Science and Technology News

Thursday, August 27, 2015

Info exchange facilitates change

by Maj Bruce R. Hill, Jr.
Air Force Nuclear Weapons Center

8/27/2015 - KIRTLAND AIR FORCE BASE, N.M. -- Knowledge can make for positive change and strengthen an organization. The Air Force Nuclear Weapons Center Force Improvement Program team is gaining knowledge through the exchange of information with units throughout the center, strengthening relationships with missile and bomber wing customers.

In June, the AFNWC FIP team met with members of the 90th Missile Maintenance Squadron at F.E. Warren Air Force Base, Wyoming, to gain an understanding of how Air Force Materiel Command supports intercontinental ballistic missile maintenance, and how AFNWC can better support its customers. The effort supports the AFNWC commander's intent to improve the force.

"By shadowing a maintenance team we got a first-hand look into their day-to-day operations," said Capt. Michael J. Parker, Physicist and Nuclear Engineer and FIP team volunteer. "We got to learn what works for them and what doesn't."

It all started in 2014 when AFNWC leadership and the original FIP team discussed the benefit of talking with the customer in person to see how AFNWC could better support them.

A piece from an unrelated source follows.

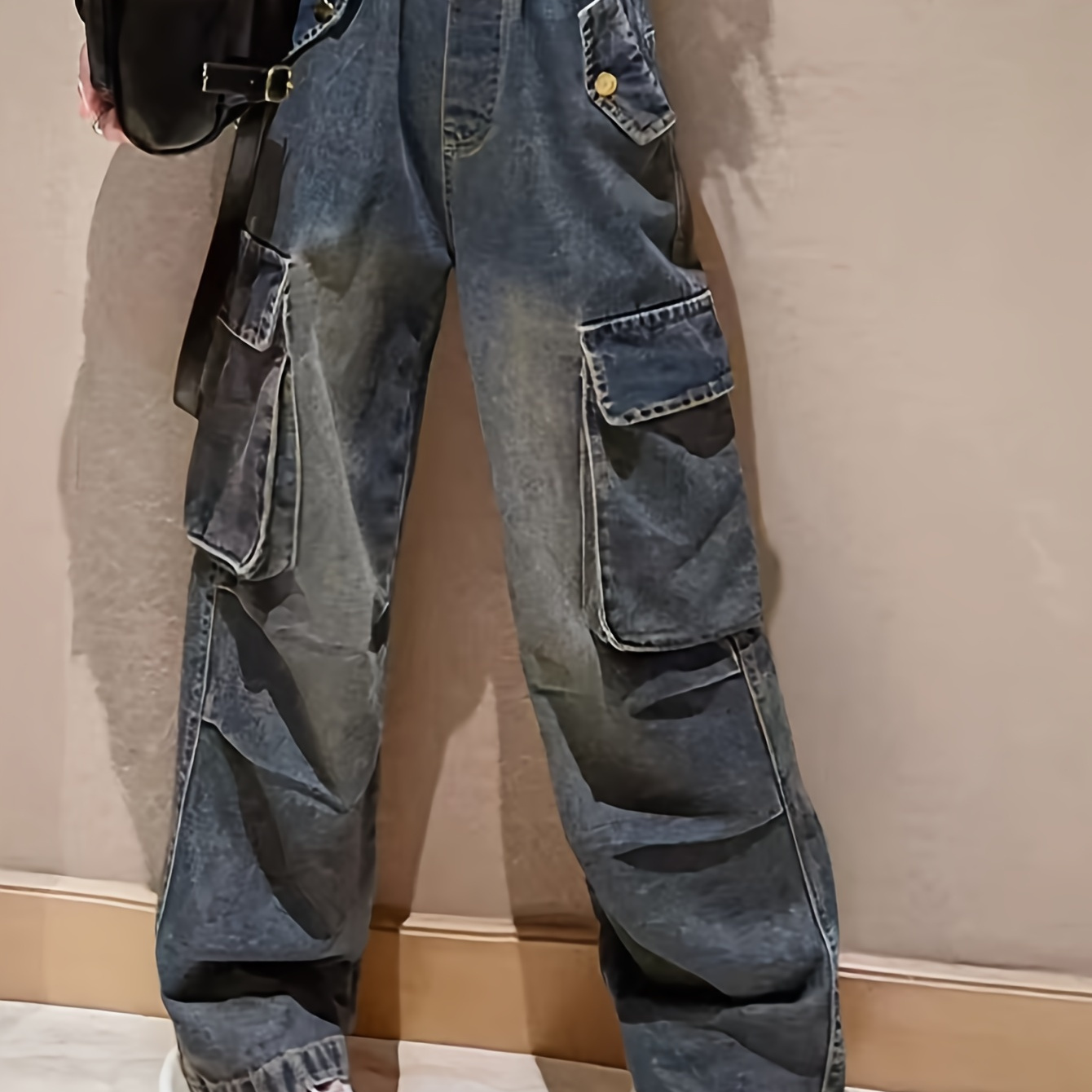 

Y2k Girls Loose Cargo Jeans Everyday All-match Casual Denim Pants For Street Style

Traveling to the Cowboy State was both helpful and enlightening with respect to better understanding the customer. Although issues exist that are not in AFNWC's purview, some can be handled by the center. For example, an issue brought up by the 90th Maintenance Group regarding sensor problems gave the team insight as to what really happens when water seeps into missile silos.

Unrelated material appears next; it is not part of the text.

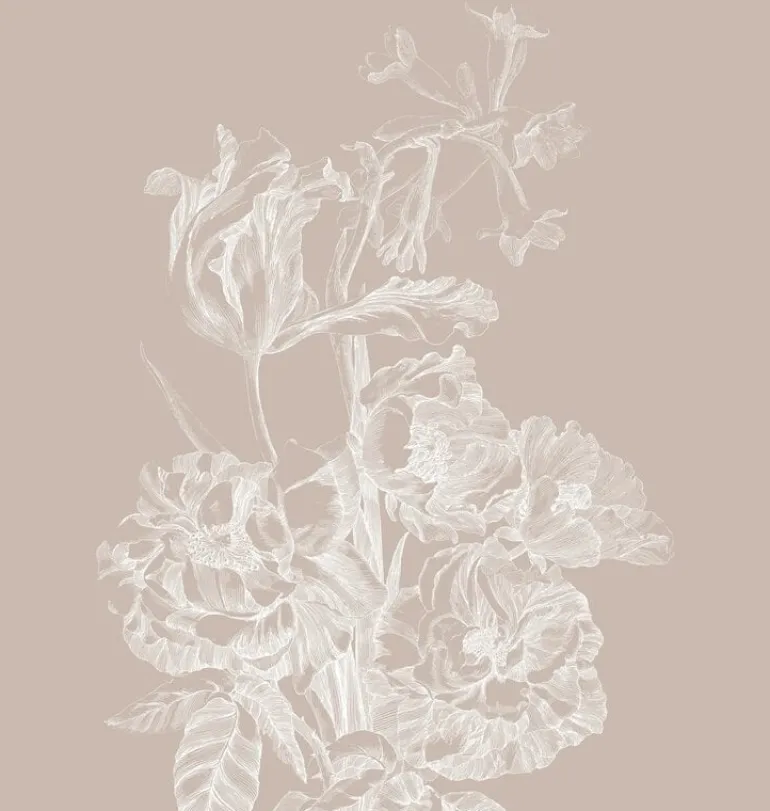 Engraved bloemen behang zand WP-745 200x280cm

"When water collects around a sensor, an alarm will alert six personnel to be dispatched," said Capt. Jordan K. Tabayoyon, 90th MMXS facilities flight commander.  "The response to this alarm is priority one, which means we must respond as soon as possible to determine the issue. To do so requires us to divert personnel and resources already scheduled for other tasks."

Since 2013, teams were dispatched 42 times only to find that the alerts were caused by negligible amounts of water seepage.

"We contacted the missile engineering office at F.E. Warren who's in charge of that modification and tied them in with the Rivet MILE teams at Hill AFB, Utah, to reconsider the water sensor locations," said Kent T. Hyer, Ground Division Mechanical Branch chief and FIP team member located at Hill AFB.

Now that the connection is made between the two organizations, relationships develop that foster cooperation and understanding. This allows the FIP team to move into a monitoring position until the issue with the sensors becomes rectified.

More than a dozen observations were made by the FIP team, some of which led to rapid results such as the restored function of an Air Launch Control System antennae and Fast-Rising B-Plug. The team will work similar issues and keep the AFNWC commander apprised of status, such as with the water sensors.

Additionally, the FIP team will share its observations with Air Force Global Strike Command, the 90th MMXS's major command, for its consideration.

"It is results like these that I expect from the FIP team, because we have a responsibility to the warfighter (customer)," said Maj. Gen. Sandra E. Finan, AFNWC commander. "The FIP team sometimes has to dig deep to get to the root of an issue, which includes meeting with the warfighter. By doing so, we help ensure they get the quality products and services they expect and deserve from us."